Requirement
Restate every record exactly as it is written, while omitting the pictures it holds.

=== Task material ===

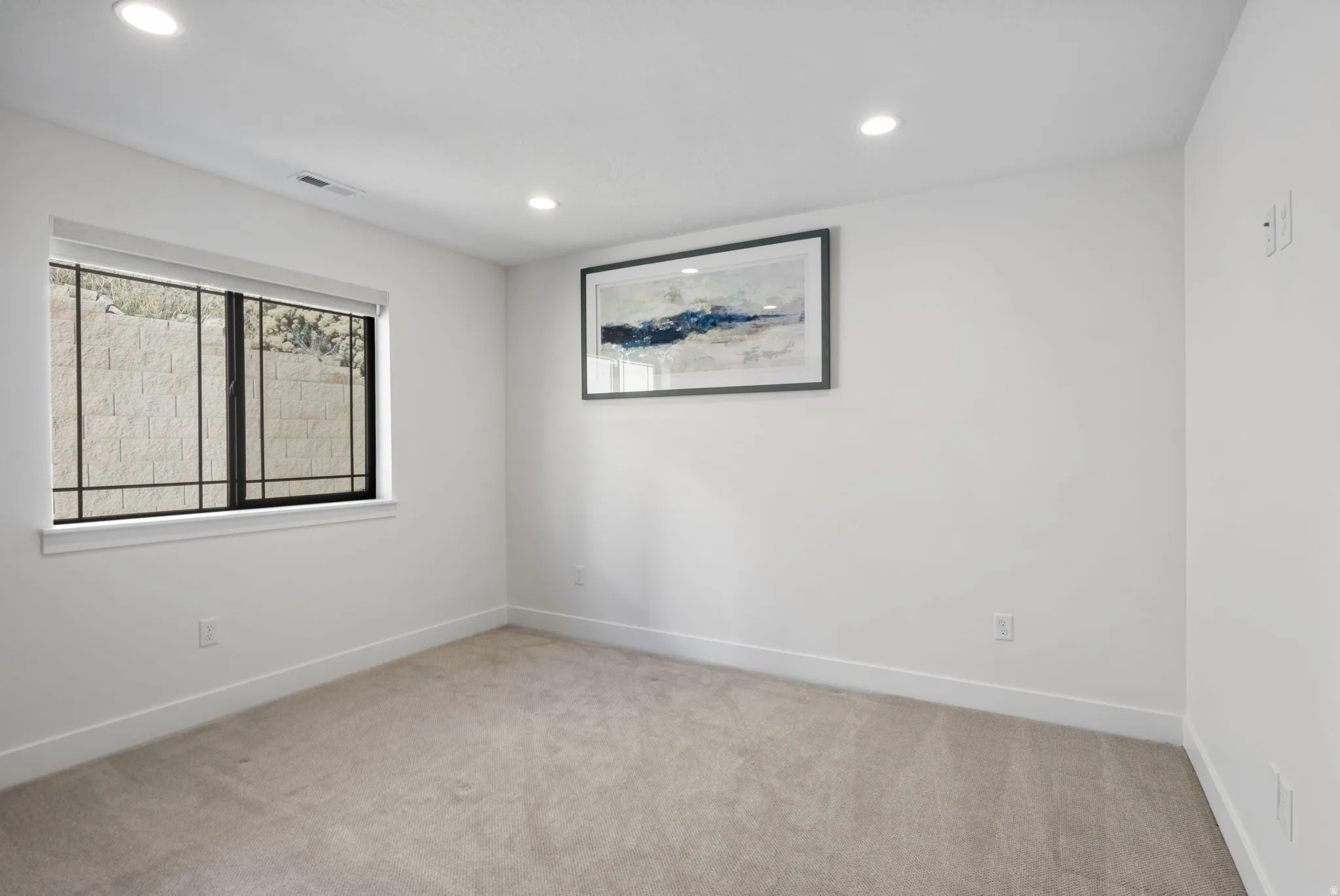 Empty room featuring light carpet and recessed lighting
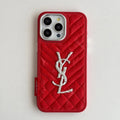 Red quilted iPhone case with a back grip tab and silver-tone initials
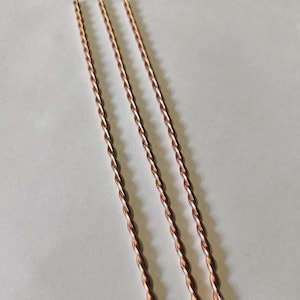 Puede incluir: Tres cucharas de bar de color cobre con un diseño de tallo retorcido. Las cucharas están dispuestas en diagonal sobre un fondo blanco. El diseño retorcido añade un elemento decorativo a las herramientas de bar.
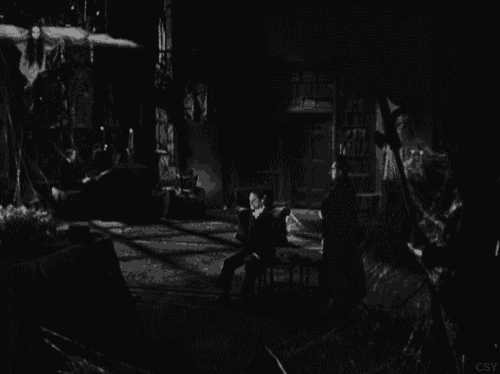 a black and white photo of a bat flying over a man playing a piano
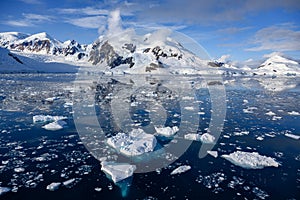 Antarctic landscape with snow covered mountains, glacier, dark blue sea with ice floes and reflections, Paradise Bay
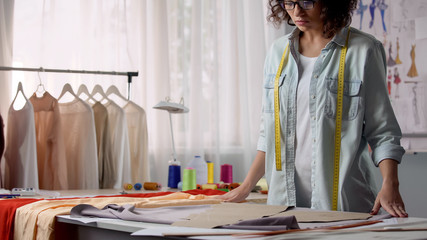 Concentrated on her work designer unfolding fabric on desk, personal atelier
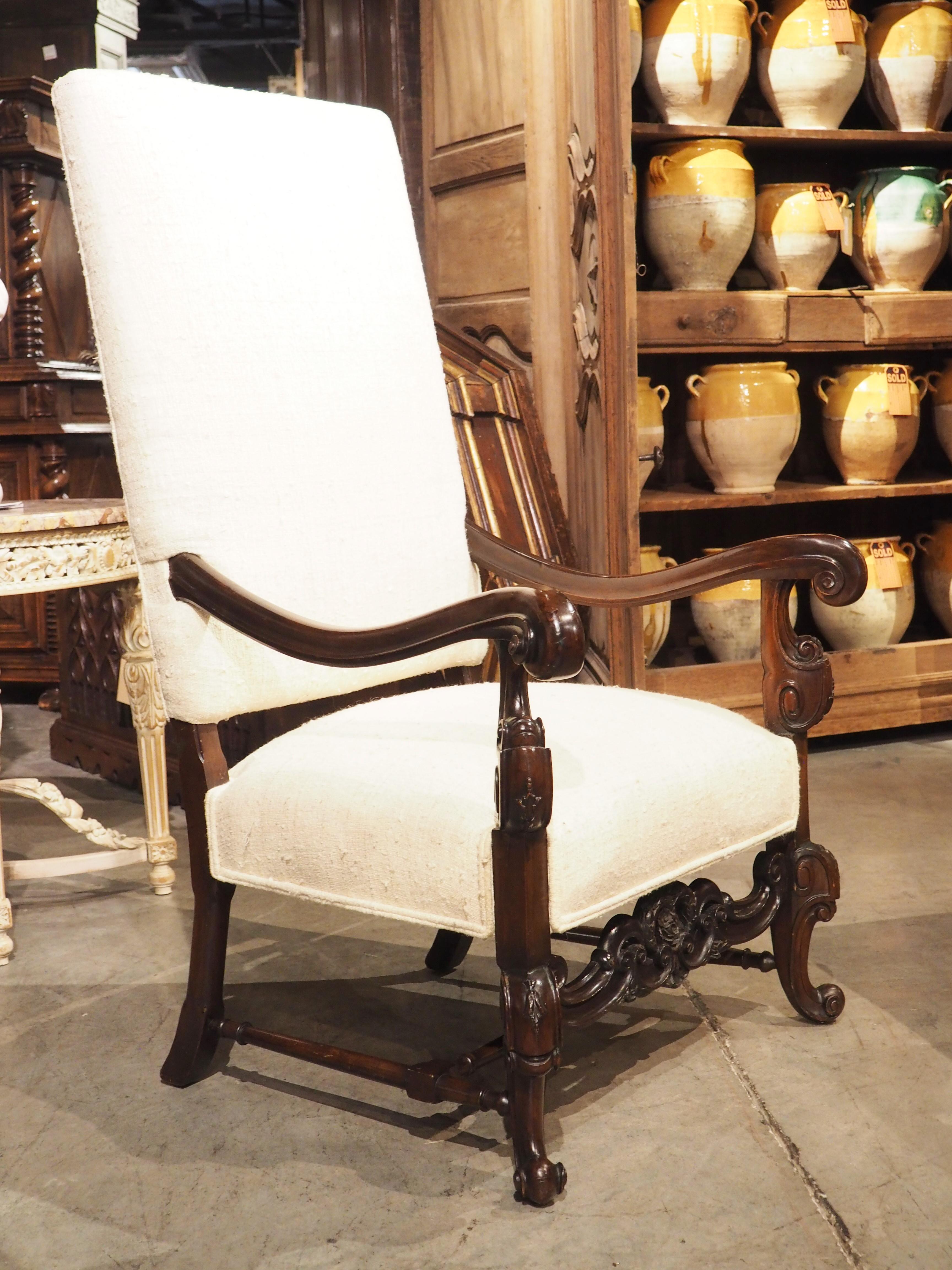 The highly decorative nature of Baroque-style furniture is prevalent on this set of carved armchairs with raw silk upholstery. Although not a true pair (the carved elements are noticeably different), the chairs have been carved in a similar manner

===

Your response
 Empty room featuring light carpet and recessed lighting
 Red quilted iPhone case with a back grip tab and silver-tone initials
 Puede incluir: Tres cucharas de bar de color cobre con un diseño de tallo retorcido. Las cucharas están dispuestas en diagonal sobre un fondo blanco. El diseño retorcido añade un elemento decorativo a las herramientas de bar.
 a black and white photo of a bat flying over a man playing a piano
 Antarctic landscape with snow covered mountains, glacier, dark blue sea with ice floes and reflections, Paradise Bay
 Concentrated on her work designer unfolding fabric on desk, personal atelier
 The highly decorative nature of Baroque-style furniture is prevalent on this set of carved armchairs with raw silk upholstery. Although not a true pair (the carved elements are noticeably different), the chairs have been carved in a similar manner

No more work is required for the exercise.